Fugitive diamond merchant Nirav Modi, fighting extradition to India on charges over the nearly USD 2 billion Punjab National Bank (PNB) fraud and money laundering case, is set to be produced before a UK court for his trial on Monday (May 11), to take place in a part-remote setting due to the coronavirus lockdown.
The 49-year-old jeweller, who has been lodged at Wandsworth Prison in south-west London since his arrest in March last year, is expected to be produced physically at Westminster Magistrates Court in London.
However, given the social distancing measures being followed by prisons and courts, District Judge Samuel Goozee had conceded that an alternative would be for him to be produced via videolink.
“Some prisons are producing prisoners in person, so I will direct Wandsworth Prison to produce Modi in person for the trial from May 11. If that is not practicable, his participation by live link remains a backstop,” Judge Goozee said at the last remand hearing in the case on April 28.
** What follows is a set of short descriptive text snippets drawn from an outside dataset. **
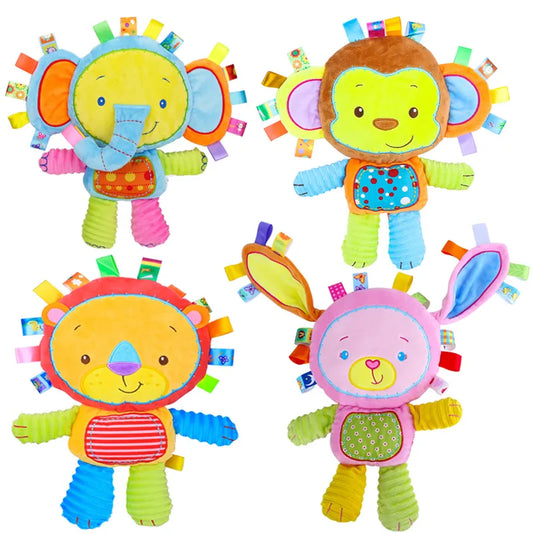 Baby animal sensory plush toy with rattles & bells, perfect newborn or infant gift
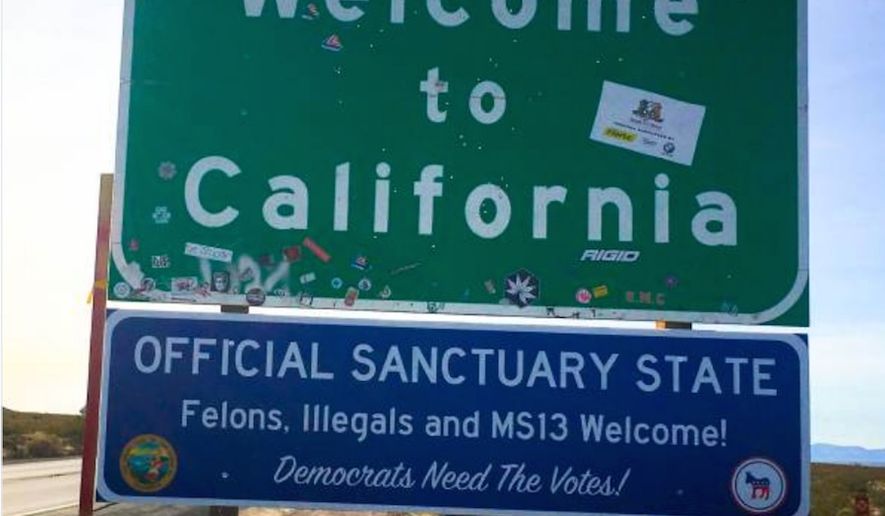 Pranksters put up a sign along a California highway to spotlight the state's "sanctuary state" legislation, which went into effect Jan. 1, 2018. (Image: Twitter, Ted Hooley)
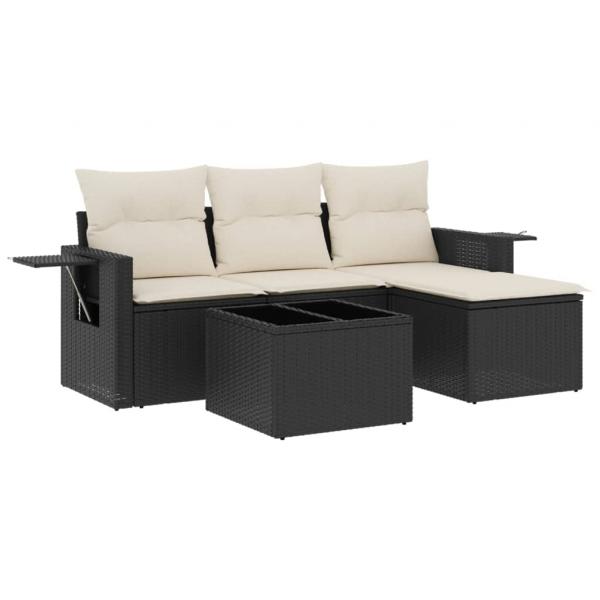 4-tlg. Garten-Sofagarnitur mit Kissen Schwarz Poly Rattan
It has been agreed that a limited number of legal representatives will be present physically in court for the trial, while witnesses give their evidence via videolink. Modi will be able to observe the proceedings either from the dock, if the prison authorities agree to a physical transfer, or via the judiciary’s common viewing system (CVP) from Wandsworth Prison.
The five-day hearing starting on Monday relates to the Indian governments extradition request certified by the UK government last year.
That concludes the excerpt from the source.